Sector averages for Singapore, Hong Kong/China, Malaysia, Indonesia, the Philippines, and Thailand are provided, with DFI Retail Group’s metrics remaining competitive, notably on ROE and dividend yield.

5. ESG and Transformation: Progress and Commitments

– DFI Retail Group is executing a multi-year transformation plan, aiming to enhance customer and employee experience, optimize its supply chain, reduce food waste, and address climate change. – The company has committed to halving carbon emissions by 2030 (from a 2021 baseline) and achieving net-zero greenhouse gas emissions (Scopes 1 and 2) by 2050. Scope 3 reduction plans are in development. – Annual investments of US\$15–20 million are allocated for emissions reduction initiatives between 2025 and 2027. – ESG disclosures have improved since 2022/2023, with measured progress in environmental and community areas.

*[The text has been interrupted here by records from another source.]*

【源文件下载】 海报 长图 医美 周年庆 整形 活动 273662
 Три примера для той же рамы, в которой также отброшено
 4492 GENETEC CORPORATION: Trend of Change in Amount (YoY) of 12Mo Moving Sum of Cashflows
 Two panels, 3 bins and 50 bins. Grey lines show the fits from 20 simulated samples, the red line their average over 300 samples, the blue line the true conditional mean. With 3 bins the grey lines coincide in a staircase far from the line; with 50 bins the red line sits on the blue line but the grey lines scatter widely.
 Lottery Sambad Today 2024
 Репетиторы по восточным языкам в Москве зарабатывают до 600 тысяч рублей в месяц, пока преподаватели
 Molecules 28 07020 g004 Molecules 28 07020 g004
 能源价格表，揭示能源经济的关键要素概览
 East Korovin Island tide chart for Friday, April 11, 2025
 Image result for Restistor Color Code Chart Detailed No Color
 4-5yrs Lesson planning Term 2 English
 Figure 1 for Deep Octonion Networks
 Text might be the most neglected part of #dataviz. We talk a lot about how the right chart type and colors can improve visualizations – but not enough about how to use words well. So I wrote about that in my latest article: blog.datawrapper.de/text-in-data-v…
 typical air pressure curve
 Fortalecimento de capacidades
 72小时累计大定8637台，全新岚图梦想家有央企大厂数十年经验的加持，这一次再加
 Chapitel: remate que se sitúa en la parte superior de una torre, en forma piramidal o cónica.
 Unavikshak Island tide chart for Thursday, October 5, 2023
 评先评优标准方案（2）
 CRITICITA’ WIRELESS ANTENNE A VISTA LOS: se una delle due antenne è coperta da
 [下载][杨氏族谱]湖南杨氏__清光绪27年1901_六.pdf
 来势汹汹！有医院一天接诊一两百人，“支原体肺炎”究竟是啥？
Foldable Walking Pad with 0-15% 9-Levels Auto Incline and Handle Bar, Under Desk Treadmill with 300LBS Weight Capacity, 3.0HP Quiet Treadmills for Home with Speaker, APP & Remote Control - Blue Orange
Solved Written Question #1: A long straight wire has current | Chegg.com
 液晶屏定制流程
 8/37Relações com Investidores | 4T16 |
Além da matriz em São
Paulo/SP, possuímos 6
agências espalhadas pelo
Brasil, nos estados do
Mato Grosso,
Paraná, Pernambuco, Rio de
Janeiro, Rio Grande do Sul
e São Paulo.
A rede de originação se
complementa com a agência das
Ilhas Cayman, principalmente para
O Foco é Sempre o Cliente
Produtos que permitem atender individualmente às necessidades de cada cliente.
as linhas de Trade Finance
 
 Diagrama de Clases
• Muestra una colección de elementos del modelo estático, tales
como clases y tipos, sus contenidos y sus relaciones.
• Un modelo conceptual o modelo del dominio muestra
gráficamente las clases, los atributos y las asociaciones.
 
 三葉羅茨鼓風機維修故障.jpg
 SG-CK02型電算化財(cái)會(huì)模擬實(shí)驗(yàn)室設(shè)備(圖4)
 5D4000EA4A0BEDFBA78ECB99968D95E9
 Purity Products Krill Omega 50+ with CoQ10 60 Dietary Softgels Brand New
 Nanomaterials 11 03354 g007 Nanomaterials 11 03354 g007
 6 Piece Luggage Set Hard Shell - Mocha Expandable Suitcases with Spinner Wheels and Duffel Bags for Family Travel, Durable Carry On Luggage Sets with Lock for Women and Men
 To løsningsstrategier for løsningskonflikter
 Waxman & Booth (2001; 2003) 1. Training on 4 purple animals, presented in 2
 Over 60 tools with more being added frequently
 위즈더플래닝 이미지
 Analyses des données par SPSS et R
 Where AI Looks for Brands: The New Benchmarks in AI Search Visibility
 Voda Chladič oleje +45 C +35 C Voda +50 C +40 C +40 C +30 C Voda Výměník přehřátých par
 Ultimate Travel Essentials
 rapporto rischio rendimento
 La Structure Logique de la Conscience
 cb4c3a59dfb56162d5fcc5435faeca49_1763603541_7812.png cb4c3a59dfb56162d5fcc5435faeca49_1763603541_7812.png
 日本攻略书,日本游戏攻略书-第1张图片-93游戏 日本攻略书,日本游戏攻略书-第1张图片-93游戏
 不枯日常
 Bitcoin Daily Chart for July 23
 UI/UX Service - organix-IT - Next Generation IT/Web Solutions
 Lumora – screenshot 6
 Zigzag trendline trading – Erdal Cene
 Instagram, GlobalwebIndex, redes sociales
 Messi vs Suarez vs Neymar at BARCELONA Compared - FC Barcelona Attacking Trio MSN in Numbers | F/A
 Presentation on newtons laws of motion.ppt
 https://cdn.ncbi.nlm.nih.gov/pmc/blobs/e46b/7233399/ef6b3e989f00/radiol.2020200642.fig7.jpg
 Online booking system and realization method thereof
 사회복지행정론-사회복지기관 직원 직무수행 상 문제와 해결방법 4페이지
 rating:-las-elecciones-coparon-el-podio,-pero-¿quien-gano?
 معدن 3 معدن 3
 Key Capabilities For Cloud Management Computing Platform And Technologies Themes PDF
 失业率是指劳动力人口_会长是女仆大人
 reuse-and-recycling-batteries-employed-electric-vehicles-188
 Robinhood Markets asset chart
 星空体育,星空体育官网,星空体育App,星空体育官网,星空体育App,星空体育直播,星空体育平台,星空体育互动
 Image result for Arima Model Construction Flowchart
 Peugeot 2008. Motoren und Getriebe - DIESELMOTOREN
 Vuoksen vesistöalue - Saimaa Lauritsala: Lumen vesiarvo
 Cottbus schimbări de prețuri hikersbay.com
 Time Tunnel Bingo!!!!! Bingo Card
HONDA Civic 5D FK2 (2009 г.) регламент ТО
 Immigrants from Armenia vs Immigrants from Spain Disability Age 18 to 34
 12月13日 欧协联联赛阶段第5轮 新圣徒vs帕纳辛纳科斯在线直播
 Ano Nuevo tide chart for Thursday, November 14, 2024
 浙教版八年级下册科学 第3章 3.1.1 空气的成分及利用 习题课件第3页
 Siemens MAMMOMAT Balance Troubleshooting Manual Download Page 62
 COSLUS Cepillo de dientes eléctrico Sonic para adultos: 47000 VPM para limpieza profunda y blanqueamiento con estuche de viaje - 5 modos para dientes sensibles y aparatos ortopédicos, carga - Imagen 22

6. Outlook and Investment Summary

– DFI Retail Group’s strategy of portfolio optimization, cost control, and focus on high-margin segments positions it well for continued earnings growth. – The special dividend, while signaling limited immediate reinvestment, offers an attractive near-term yield. – Key catalysts include the upcoming Investor Day (expected 4Q25) for clarity on strategic direction and potential monetization plans. – Risks include slow sales recovery in Hong Kong and cost pressures.

7. Price Performance and Shareholder Profile

  • 1M / 3M / 12M Price Performance (%): 32.2 / 40.8 / 91.7 (absolute), 25.0 / 28.4 / 58.0 (relative)
  • Major Shareholders:
    • Jardine Matheson Holdings: 77.6%
    • Aberdeen Asset Managers: 3.4%
    • First Sentier Investors (Hong Kong): 1.8%

Conclusion

DFI Retail Group’s decisive actions in portfolio management, its strong showing in Health & Beauty, and the payout of a substantial special dividend underscore the group’s commitment to shareholder value. While certain segments face headwinds, continued transformation, robust cash generation, and a focus on core profitability keep DFI Retail Group firmly on the radar of institutional and retail investors alike. The next major catalyst—the Investor Day in 4Q25—will be critical for unveiling the group’s medium-term strategy and growth ambitions.